A los pocos días la emergencia política llamó a Andresito lejos de Corrientes, y tuvo que concentrarse en otro lugar. Artigas preparaba un ataque contra territorio portugués y ese ataque contaba con las fuerzas misioneras como clave militar. Antes de irse les hizo una amenaza más: «Miren que me voy, pero tengo dos brazos y dos manos. Con una puedo doblar el brazo de los brasileños y con la otra todavía puedo aplastar a cada uno de los criollos que crea que puede con mi pueblo y que puede desconocer mi magnanimidad». Ustedes entienden ahora por qué me sorprendí tanto cuando vi el monumento a Andresito en la costa correntina. Durante mucho tiempo se recordó este episodio, que no es otra cosa que un estertor de dolor de los grupos étnicos que durante tanto tiempo habían estado supeditados. Y no es otra cosa que un signo que, sin duda hoy espanta a los ojos de nuestra democracia, que no admitiría un castigo ejemplar de ese tipo porque manejamos otros códigos; no en vano han pasado doscientos años. Pero el signo que hay detrás es cuánto dolor había en la puerta por la cual estos hombres ingresaron a la ciudadanía activa y de vigilia permanente de las conquistas sociales que habían hecho.

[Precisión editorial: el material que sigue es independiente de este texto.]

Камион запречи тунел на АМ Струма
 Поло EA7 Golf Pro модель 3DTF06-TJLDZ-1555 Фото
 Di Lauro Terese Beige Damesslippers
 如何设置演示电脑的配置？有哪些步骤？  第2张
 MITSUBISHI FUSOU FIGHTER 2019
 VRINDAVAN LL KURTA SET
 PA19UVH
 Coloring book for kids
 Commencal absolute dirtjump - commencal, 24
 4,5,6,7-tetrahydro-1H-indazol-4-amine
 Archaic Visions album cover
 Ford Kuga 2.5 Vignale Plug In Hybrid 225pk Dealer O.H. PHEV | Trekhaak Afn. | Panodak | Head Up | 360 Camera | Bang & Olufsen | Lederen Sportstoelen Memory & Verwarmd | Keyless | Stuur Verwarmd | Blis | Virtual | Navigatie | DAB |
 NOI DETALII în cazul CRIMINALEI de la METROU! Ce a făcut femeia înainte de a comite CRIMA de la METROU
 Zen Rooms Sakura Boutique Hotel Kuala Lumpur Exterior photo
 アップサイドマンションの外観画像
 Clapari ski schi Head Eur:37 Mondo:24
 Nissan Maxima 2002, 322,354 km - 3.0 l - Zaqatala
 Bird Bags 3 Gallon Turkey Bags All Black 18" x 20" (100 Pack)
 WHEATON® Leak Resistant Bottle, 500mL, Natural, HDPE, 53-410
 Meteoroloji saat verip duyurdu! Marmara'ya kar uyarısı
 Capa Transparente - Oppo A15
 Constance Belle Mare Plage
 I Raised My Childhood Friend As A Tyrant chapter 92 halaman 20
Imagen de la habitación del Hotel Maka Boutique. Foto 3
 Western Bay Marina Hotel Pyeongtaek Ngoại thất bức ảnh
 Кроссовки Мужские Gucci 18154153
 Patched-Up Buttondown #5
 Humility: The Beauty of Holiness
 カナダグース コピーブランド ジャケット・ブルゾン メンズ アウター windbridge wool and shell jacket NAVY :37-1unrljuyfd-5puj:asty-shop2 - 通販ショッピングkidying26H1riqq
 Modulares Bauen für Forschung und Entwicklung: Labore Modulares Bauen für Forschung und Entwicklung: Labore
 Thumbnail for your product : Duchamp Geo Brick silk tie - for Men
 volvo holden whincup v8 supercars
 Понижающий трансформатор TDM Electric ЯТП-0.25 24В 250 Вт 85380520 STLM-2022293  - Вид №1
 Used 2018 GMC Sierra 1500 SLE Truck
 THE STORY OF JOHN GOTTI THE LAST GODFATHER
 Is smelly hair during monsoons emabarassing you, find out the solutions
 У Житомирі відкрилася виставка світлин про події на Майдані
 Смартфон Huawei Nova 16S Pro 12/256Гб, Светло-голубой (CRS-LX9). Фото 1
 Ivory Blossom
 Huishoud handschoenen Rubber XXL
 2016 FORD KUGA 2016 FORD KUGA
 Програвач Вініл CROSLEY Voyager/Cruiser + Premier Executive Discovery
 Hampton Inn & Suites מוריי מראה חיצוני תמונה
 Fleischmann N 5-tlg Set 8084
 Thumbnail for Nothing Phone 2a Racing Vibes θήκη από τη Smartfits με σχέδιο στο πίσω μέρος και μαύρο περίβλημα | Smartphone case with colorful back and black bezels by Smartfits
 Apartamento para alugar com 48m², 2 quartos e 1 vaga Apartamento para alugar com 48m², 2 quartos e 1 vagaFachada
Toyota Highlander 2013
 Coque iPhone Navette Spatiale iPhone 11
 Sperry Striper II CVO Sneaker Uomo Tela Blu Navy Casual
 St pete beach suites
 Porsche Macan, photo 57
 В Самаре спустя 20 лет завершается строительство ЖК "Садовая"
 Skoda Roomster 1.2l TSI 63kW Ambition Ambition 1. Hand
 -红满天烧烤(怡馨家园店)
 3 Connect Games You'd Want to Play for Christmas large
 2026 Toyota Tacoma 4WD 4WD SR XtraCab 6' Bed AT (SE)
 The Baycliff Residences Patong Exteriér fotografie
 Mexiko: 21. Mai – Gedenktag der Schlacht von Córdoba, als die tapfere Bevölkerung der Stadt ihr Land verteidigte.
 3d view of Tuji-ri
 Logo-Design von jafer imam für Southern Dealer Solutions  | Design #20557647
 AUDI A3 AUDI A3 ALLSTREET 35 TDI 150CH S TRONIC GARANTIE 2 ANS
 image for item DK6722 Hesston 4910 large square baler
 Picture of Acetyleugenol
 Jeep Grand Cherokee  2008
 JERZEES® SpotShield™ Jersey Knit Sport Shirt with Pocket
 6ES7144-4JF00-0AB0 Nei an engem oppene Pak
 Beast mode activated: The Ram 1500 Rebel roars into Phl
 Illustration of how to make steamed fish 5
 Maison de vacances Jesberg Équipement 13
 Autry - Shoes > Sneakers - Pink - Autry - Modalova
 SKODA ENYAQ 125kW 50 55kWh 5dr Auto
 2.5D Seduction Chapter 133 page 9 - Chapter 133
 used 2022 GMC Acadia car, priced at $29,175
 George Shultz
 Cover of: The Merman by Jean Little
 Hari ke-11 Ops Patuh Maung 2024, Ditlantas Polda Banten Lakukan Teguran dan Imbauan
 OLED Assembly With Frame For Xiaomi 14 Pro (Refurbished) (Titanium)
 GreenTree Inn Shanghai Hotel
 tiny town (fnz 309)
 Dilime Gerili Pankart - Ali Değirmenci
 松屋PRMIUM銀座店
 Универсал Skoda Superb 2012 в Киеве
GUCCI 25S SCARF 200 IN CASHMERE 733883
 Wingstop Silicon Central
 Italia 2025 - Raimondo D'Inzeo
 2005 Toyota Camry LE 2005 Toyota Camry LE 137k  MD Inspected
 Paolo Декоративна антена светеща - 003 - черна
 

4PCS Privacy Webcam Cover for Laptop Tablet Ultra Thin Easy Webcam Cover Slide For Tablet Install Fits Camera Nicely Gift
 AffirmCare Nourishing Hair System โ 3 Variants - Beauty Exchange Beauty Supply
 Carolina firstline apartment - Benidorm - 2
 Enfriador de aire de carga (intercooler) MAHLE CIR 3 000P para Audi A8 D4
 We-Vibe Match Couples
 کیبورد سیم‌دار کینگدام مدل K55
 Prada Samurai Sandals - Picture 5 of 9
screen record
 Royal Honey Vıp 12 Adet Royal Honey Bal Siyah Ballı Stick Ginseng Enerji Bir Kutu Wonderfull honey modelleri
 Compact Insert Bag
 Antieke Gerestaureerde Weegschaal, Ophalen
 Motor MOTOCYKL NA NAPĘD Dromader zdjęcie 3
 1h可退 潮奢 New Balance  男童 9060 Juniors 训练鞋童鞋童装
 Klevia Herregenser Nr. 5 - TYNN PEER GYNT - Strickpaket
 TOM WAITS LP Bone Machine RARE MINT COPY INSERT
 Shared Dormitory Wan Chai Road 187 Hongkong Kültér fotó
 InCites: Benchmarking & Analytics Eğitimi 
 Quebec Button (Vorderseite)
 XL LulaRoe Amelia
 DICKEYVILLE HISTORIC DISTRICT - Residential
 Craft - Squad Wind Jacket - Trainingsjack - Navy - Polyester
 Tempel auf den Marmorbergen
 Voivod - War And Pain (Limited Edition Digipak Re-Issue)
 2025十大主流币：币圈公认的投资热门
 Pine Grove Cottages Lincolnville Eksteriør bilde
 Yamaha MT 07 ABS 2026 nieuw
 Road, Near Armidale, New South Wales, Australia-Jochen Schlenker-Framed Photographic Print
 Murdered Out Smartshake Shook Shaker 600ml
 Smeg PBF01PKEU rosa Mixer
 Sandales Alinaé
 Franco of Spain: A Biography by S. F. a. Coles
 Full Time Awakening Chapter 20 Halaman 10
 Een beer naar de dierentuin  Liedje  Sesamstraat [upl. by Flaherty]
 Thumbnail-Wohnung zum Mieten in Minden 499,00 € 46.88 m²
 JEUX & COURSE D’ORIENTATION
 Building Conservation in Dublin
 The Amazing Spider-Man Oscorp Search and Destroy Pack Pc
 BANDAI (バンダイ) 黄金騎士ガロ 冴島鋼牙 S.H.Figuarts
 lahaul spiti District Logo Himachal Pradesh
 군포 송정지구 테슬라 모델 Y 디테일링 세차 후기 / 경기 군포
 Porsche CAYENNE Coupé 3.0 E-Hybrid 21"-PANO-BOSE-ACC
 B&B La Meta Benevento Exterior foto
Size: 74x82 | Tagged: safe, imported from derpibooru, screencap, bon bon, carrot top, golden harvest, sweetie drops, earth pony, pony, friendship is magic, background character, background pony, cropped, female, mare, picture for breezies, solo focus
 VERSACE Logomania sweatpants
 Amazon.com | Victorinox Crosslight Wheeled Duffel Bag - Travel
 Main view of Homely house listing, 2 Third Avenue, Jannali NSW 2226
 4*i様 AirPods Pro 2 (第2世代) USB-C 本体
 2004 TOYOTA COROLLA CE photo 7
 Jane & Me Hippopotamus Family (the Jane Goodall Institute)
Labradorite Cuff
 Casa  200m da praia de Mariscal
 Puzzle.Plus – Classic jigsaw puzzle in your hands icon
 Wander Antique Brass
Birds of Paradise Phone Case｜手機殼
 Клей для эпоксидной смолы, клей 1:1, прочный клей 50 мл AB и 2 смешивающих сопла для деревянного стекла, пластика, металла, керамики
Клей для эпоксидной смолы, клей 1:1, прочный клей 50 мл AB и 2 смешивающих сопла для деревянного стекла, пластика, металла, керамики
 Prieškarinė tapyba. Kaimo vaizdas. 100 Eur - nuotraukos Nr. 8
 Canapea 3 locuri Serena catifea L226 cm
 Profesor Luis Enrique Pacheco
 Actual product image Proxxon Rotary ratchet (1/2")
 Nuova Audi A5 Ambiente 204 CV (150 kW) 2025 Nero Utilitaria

Andresito Artigas ha sido reivindicado, como decía, en Misiones y en el territorio argentino, a veces con signos que a los historiadores nos producen cierto escozor porque, como saben, el pasado tiene, como dice José Rilla, a veces un porvenir que espanta. Rilla se refiere a los usos políticos del pasado. Como uruguaya de convicciones democráticas muy acendradas tengo la absoluta tranquilidad de que lo que emana de este cuerpo legislativo está más allá de los usos inmediatos, fáciles y retóricos de la historia. Sé que en esta disposición que ustedes han decidido hoy hay sencillamente un símbolo político de envergadura, un signo que dice con qué alegría recordamos a los misioneros en clave regional de integración natural, como era la de aquella época; hoy tenemos que hacer una integración que va en contrasentido de los compartimentos estancos de los Estados nacionales, porque eso construimos orgullosamente a lo largo de doscientos años. Para ellos todo eso no existía y la integración era algo muy natural. Este es un homenaje a esa integración y al largo, frondoso, siempre complejo y en tren de transformación, camino que exige la ciudadanía. Quizás el comandante se me enoje porque yo, detrás de una elevación a grado de general, solo vea ciudadanía, pero al fin y al cabo creo que no, porque estos hombres –me refiero a los hombres del proceso independentista– no hicieron otra cosa que ser un pueblo en armas. Y como pueblo en armas entramos a la historia. Y como pueblo en armas nos constituimos como un país independiente.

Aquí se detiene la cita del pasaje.